A 62-yr-old, 94-kg man with chronic obstructive pulmonary disease presented for an urgent laparotomy for a suspected perforated appendix. He had a well-documented history of failed laryngoscope-guided tracheal intubation (on two occasions due to poor laryngeal view) but successful facemask ventilation and laryngeal mask airway insertion. The patient insisted on airway management only after induction of anesthesia due to a previous bad experience with awake tracheal intubation. A decision was made to place a GEB using laryngoscope guidance either in the trachea using the bent end first (if any glottic structures could be seen) or in the esophagus using the straight end first (if no glottic structures could be seen) to facilitate insertion of an endotracheal tube or PLMA,1respectively. After 10 min of preoxygenation (time taken for end-tidal oxygen to be greater than 90%), the patient was induced with 0.5 mg alfentanil and 180 mg propofol, cricoid pressure was applied by a trained assistant, and 100 mg suxamethonium was administered. As predicted, neither the glottis nor the epiglottis could be seen, despite optimal laryngoscopic conditions. The GEB was therefore advanced with its straight end first along the right posterior pharyngeal wall toward the pyriform fossa. Cricoid pressure was released briefly (< 5 s) so that the GEB could be advanced through the hypopharynx into the proximal 10 cm of the esophagus.2The lack of the characteristic tactile sensation from the tracheal rings and the lack of resistance when inserted to length confirmed esophageal placement. A size 5 PLMA was then railroaded along its drain tube into the pharynx, and cricoid pressure was rereleased to allow the distal cuff to enter the hypopharynx. The cuff was immediately inflated with 20 ml air. The PLMA was fixed into position, the GEB was removed, and a gastric tube was inserted via  the drain tube of the PLMA. Six hundred milliliters of bile-stained fluid was suctioned from the stomach. Ventilation was easy with tidal volumes greater than 1,000 ml without an oropharyngeal or esophageal leak and peak airway pressures of 25–30 cm H2O. Oropharyngeal leak pressure was greater than 40 cm H2O. Anesthesia management was otherwise uneventful, and there were no postoperative pulmonary complications.

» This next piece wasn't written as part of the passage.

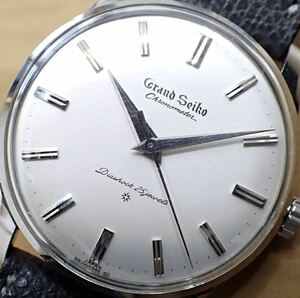 ★偽物注意★ GSファースト SS グランドセイコー ファースト GRAND SEIKO ステンレス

In principle, this novel approach to difficult airway management should have a very high success rate because the failure rate for passage of a GEB into either the trachea or the esophagus should be very low, and the success rate for railroading an endotracheal tube or PLMA along it should be very high. If there is doubt about whether the GEB is in the trachea or esophagus, the PLMA should be railroaded first because esophageal placement is much more likely. If this does not provide an effective airway, it is likely that the GEB is in the trachea, and the PLMA should be removed and the endotracheal tube should be railroaded into position. In the unlikely event that both of these options fail, an alternative airway management strategy is required.

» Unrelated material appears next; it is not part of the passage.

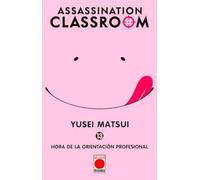 Assassination Classroom 13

Although fiberoptic-guided intubation using a guide wire and airway exchange catheter is feasible using the PLMA,3we elected to complete the case with the PLMA. There is a moderate body of evidence (a cadaver study4and several anecdotal reports5–13) suggesting that a correctly placed PLMA provides protection against regurgitation. One group reported no episodes of regurgitation in 300 patients, as determined by litmus testing of the bowl after removal.14The efficacy of seal of the distal cuff against the hypopharynx, as determined in fresh cadavers,4is 40–80 cm H2O—more than enough to protect against passive regurgitation.15In addition, the process of exchanging the PLMA for a endotracheal tube may put the patient at risk of aspiration, and success is not guaranteed.

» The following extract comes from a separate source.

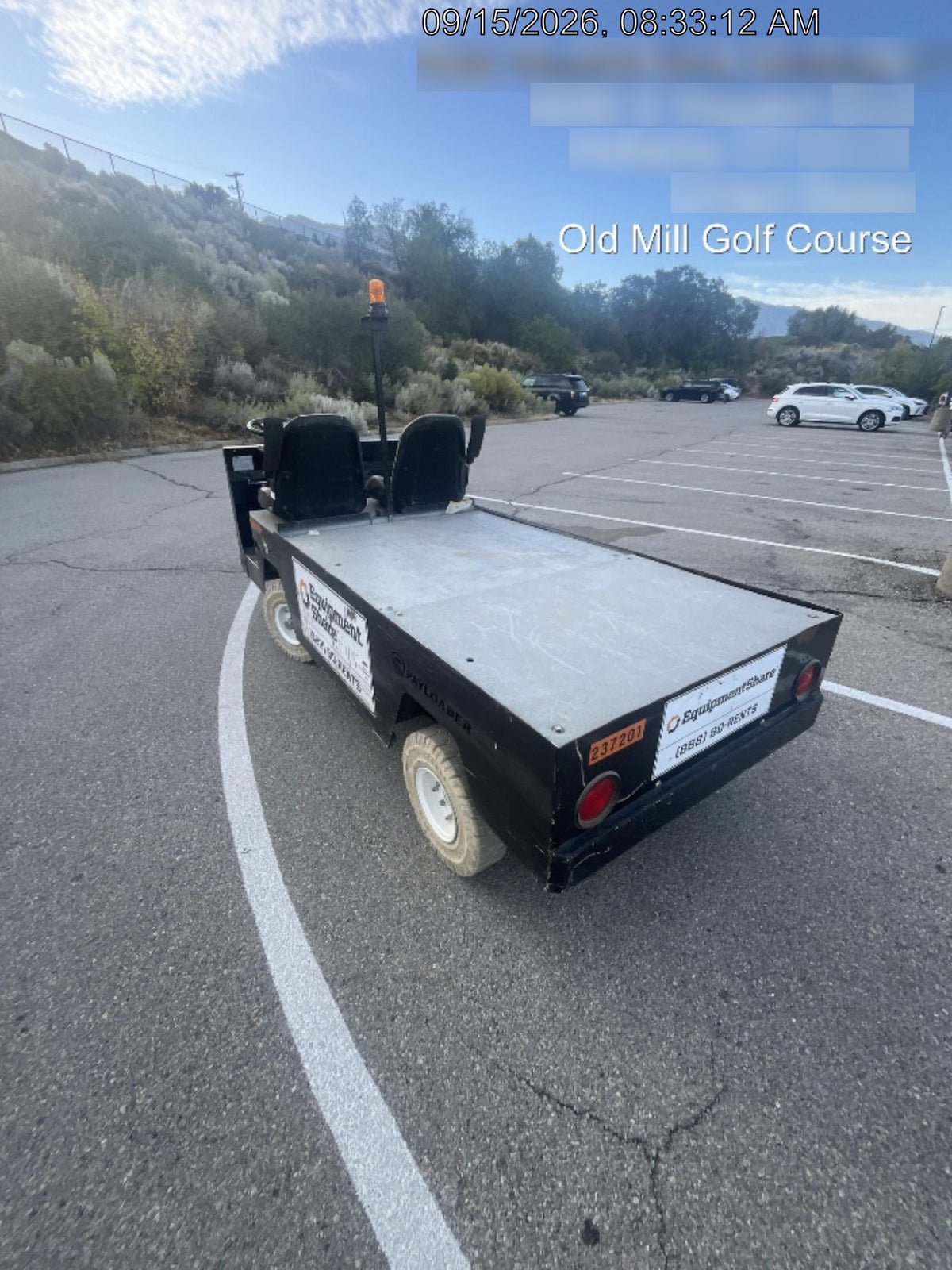 2022 COLUMBIA Payloader 2XL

The safety of placing a GEB into the esophagus has not been established; however, there is some evidence that it is probably safe when conducted under direct vision and force is avoided, and there can be little doubt that it is justified in the failed intubation scenario. A recent study reported no occult blood on the GEB in 80 of 80 patients,16and we have used the technique on more than 6,000 occasions without any evidence of minor or major esophageal injury. Furthermore, GEBs are frequently misplaced into the esophagus with the bent end first (probably more likely to cause injury than with the straight end first) during failed intubation, but esophageal injury is rarely reported.17It is worth noting that the American Society of Anesthesiologists already recommends the use of the esophageal tracheal Combitube (Kendall Sheridan Catheter Corporation, Argyl, New York),18which is known to cause esophageal injury,19–21as an option in failed tracheal intubation. The development of an atraumatic esophageal guide for use with the PLMA and other extraglottic airway devices is currently under way and should make this approach even safer.